Well, I "mostly" agree with your mostly (Hey, that's not too bad). Yes, a
thinner layer of anything will cure faster. As for the deeper (maybe)
penetration with more solvent, and why you might think you want to try that,
I'll defer to the wreck archives.

IMHO the only reason to add thinner to tung or linseed is to make application
easier. From long ago discussions on this, I instead warm the oil to 120F.
GerryG

On Sat, 07 Aug 2004 22:37:59 -0700, [email protected] wrote:

>On Sat, 07 Aug 2004 22:23:20 -0600, GerryG <[email protected]>
>wrote:
>
>>I suspect you're right on that Dave. I can't see why else one would thin tung
>>oil with up to 80% thinner. However, if you check the typical cure time for
>>tung oil, I think you find it feels dry long before polymerization is
>>complete.
>>GerryG
>>
>>On 6 Aug 2004 12:04:03 -0700, [email protected] (YesMaam27577) wrote:
>>
>>>Which solvent/thinner should I use to thin tung oil.
>>>
>>>
>>>It seems that you are expecting (if I'm wrong, sorry) a thinner to
>>>speed the drying process for an oil finish.

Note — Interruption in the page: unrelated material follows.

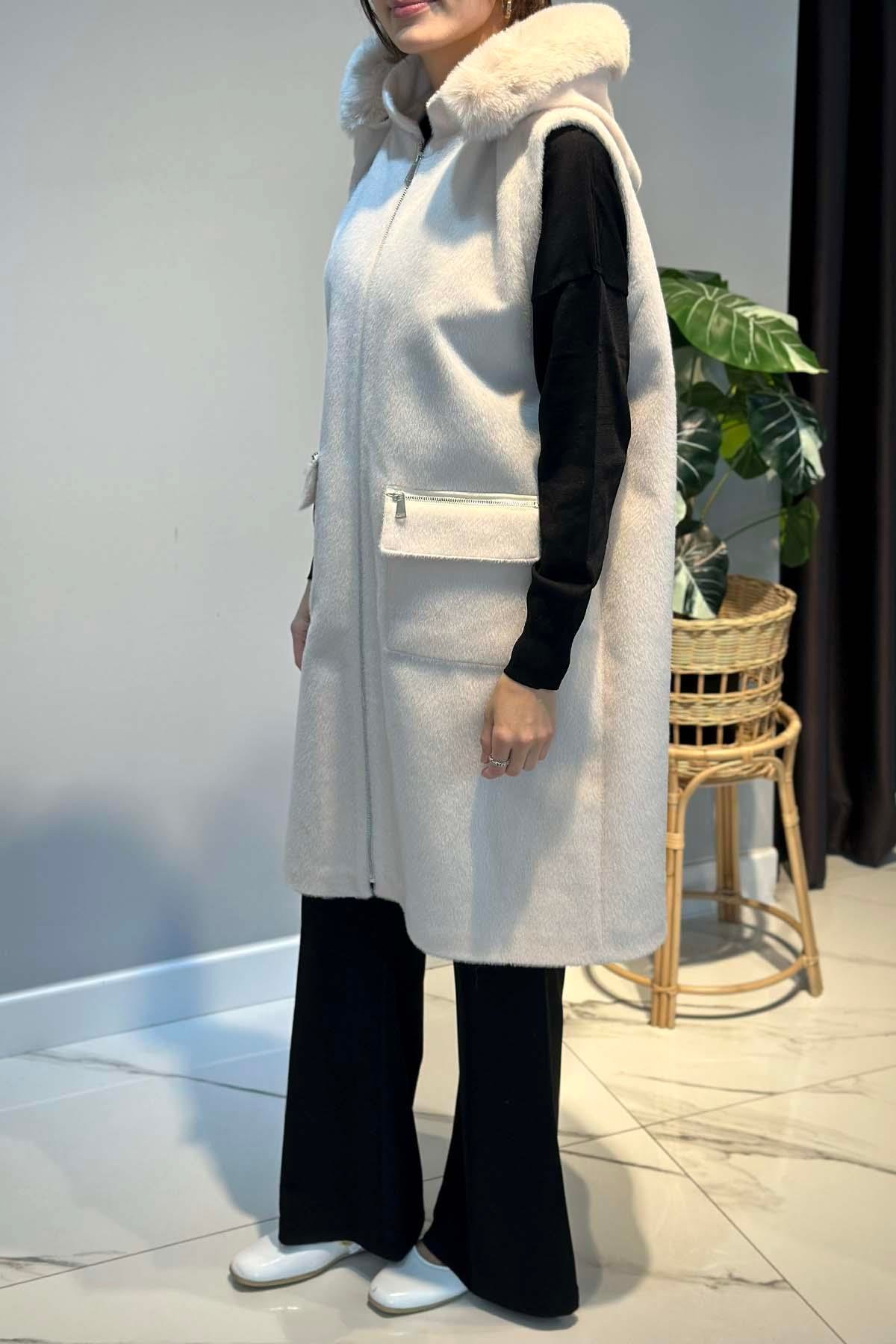 Büyük Beden Kürk Detay Kapüşonlu Yelek 2595 Ekru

None will.
>>>
>>>When the thinner has evaporated, the tung oil still needs time to
>>>polymerize in the wood. Only when the polymerization is complete will
>>>the wood feel dry. The use of thinners does not speed the chemical
>>>reaction. If you want to spped the reaction, you need some Japan
>>>drier, or another of the heavy metal additives.
>>
>
>
>That's *mostly* true. oxygen is involved in the polymerization, and a
>thinner layer of oil will cure faster. more solvent will allow you to
>apply the oil in a thinner layer. mostly, though the solvent is to
>allow the oil to penetrate more deeply into the wood.